» Stored data
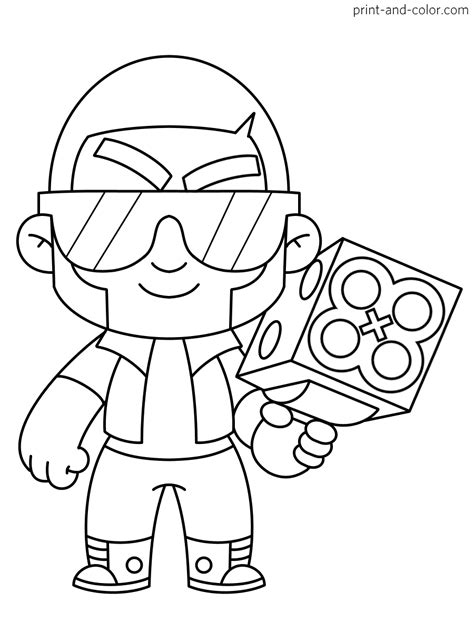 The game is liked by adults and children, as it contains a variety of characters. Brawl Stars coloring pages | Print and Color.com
---
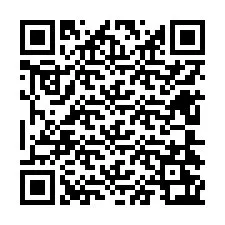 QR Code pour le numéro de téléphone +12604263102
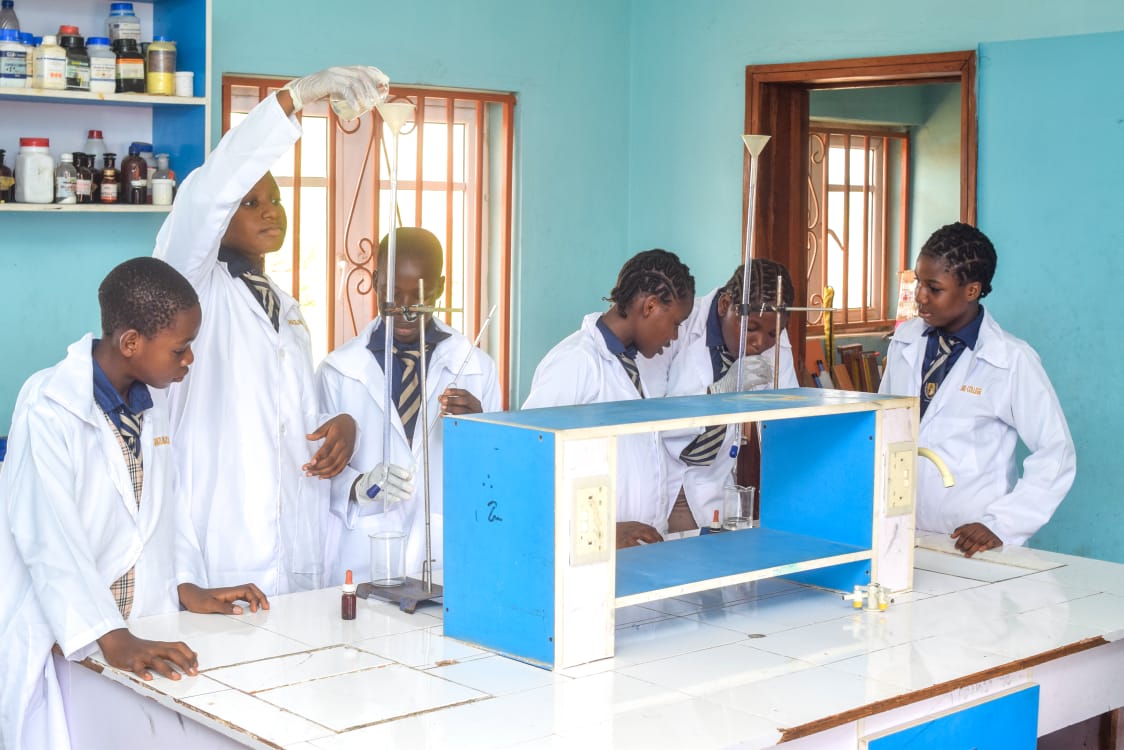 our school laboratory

» About this task
In the listing above, find the line containing "QR Code pour" and the line containing "our school laboratory", then return both of them and every line between, exactly, without pictures.

» Expected answer
 QR Code pour le numéro de téléphone +12604263102
 our school laboratory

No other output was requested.